La riforma Fornero sul mercato del lavoro sembra fare passi in avanti. Con un approccio che somiglia molto al positivo metodo di lavoro del Parlamento europeo, sono stati presentati in Senato pacchetti di emendamenti concordati tra i due relatori (Castro del Pdl e Treu del Pd), con conseguente ritiro di molti di quelli che erano stati finora presentati, al fine di ottenere «il massimo possibile di convergenza da parte delle forze parlamentari». Si accentua così il carattere compromissorio (in senso positivo)
della riforma, con modifiche che sembrano rispondere al bilanciamento tra esigenze dei datori di lavoro, da un lato, e tutela dei lavoratori, dall’altro, con un bilanciamento realizzato nel complesso e non materia per materia o istituto per istituto.
Proviamo a verificare questo assunto su due punti significativi, nella parte dedicata alle tipologie contrattuali, altrimenti conosciuta come intervento di riduzione della flessibilità in entrata. Nel contratto a tempo determinato, va sicuramente a favore dei datori di lavoro allungare da sei mesi a un anno la durata possibile del contratto stipulato senza indicazione dei motivi (la cosiddetta «a-causalità»).

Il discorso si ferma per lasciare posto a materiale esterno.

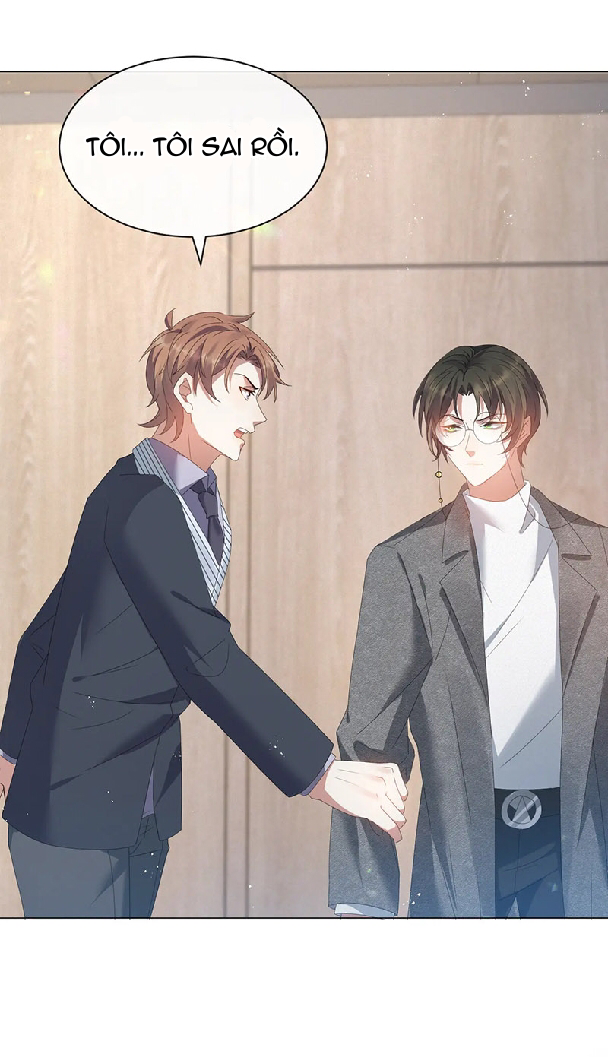 Từ Hôm Nay Bắt Đầu Ngược Tra Nam Chapter 14 - Next Chapter 15
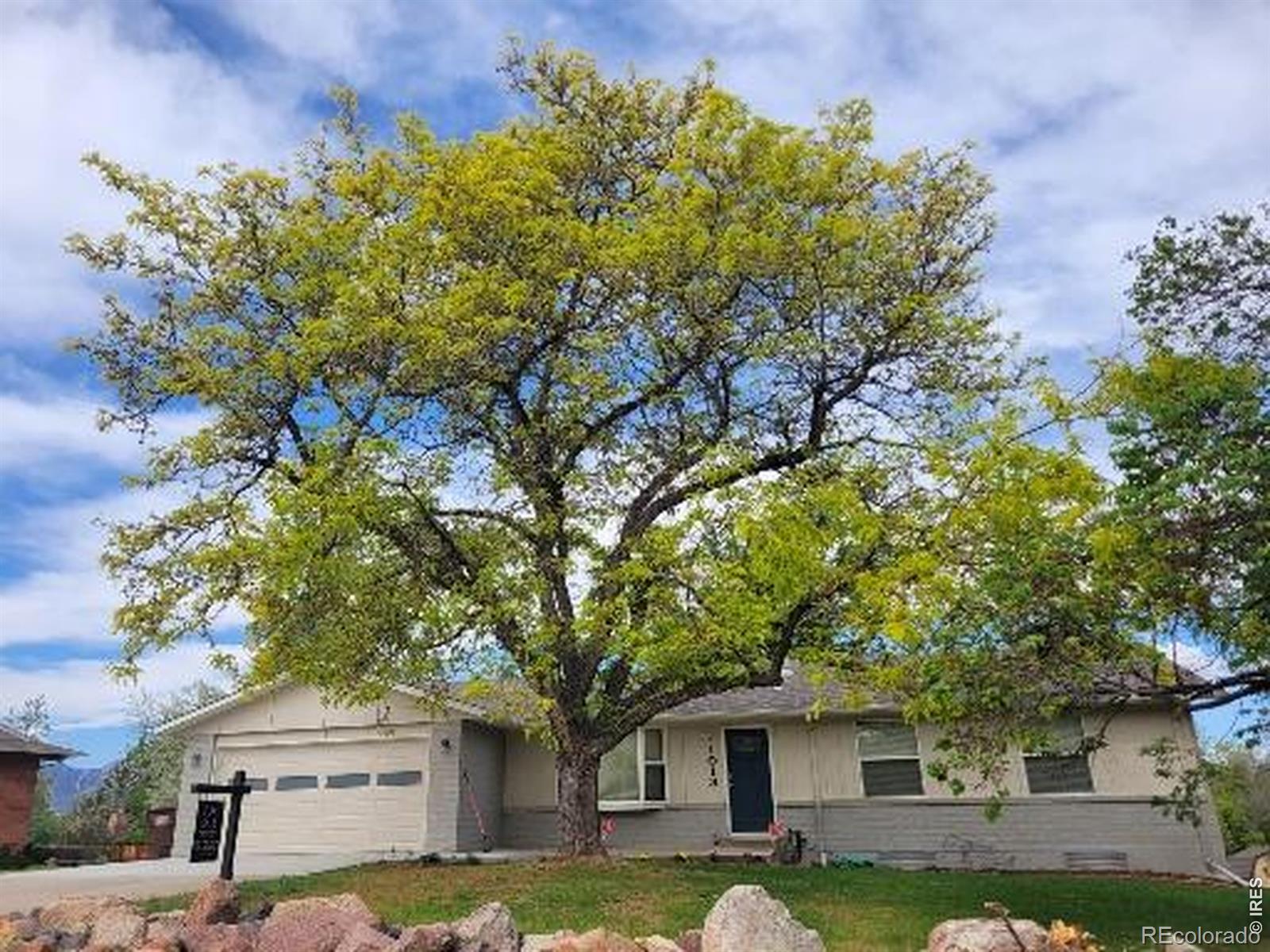 1013 Ravenwood Road Boulder CO 80303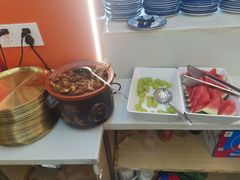 -李记鲜切牛肉自助火锅(紫薇花园店)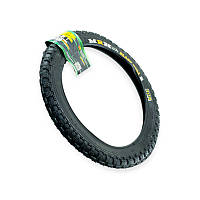 Шина  велосипедная 16*1,950 ,  2,000 MRH Індія 5015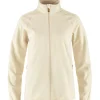 Övik Lite Fleece Jacket W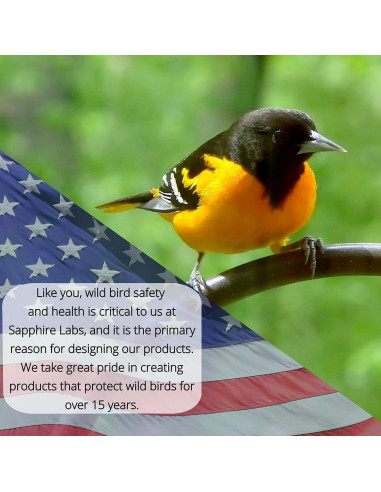 Repelente Natural de Hormigas Sapphire Labs Nectar Fortress - Gel Multiusos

Il risultato finale, su
questa parte, mi pare evidente: la liberalizzazione del primo contratto a termine fino a un anno aumenta la convenienza da parte del datore di lavoro a continuare a far entrare e uscire i lavoratori a termine, senza vincoli di sorta. È prevista una alternativa: i contratti collettivi – anche di livello aziendale, ma stipulati dalle organizzazioni sindacali più rappresentative a livello nazionale – possono inserire una franchigia generale, per la a-causalità dei contratti a termine, pari al 6% dei lavoratori occupati nell’unità produttiva. Mi pare un sostegno all’autonomia collettiva più apparente che reale, dato che sposta sul sindacato la responsabilità della scelta, vincolandola nei modi e nei tempi. Ogni volta che si affidano competenze negoziali al sindacato in sulla precarietà si corre il rischio di una corresponsabilizzazione, che potrebbe essere letta dai lavoratori non tanto come contenimento del danno, ma come acquiescenza.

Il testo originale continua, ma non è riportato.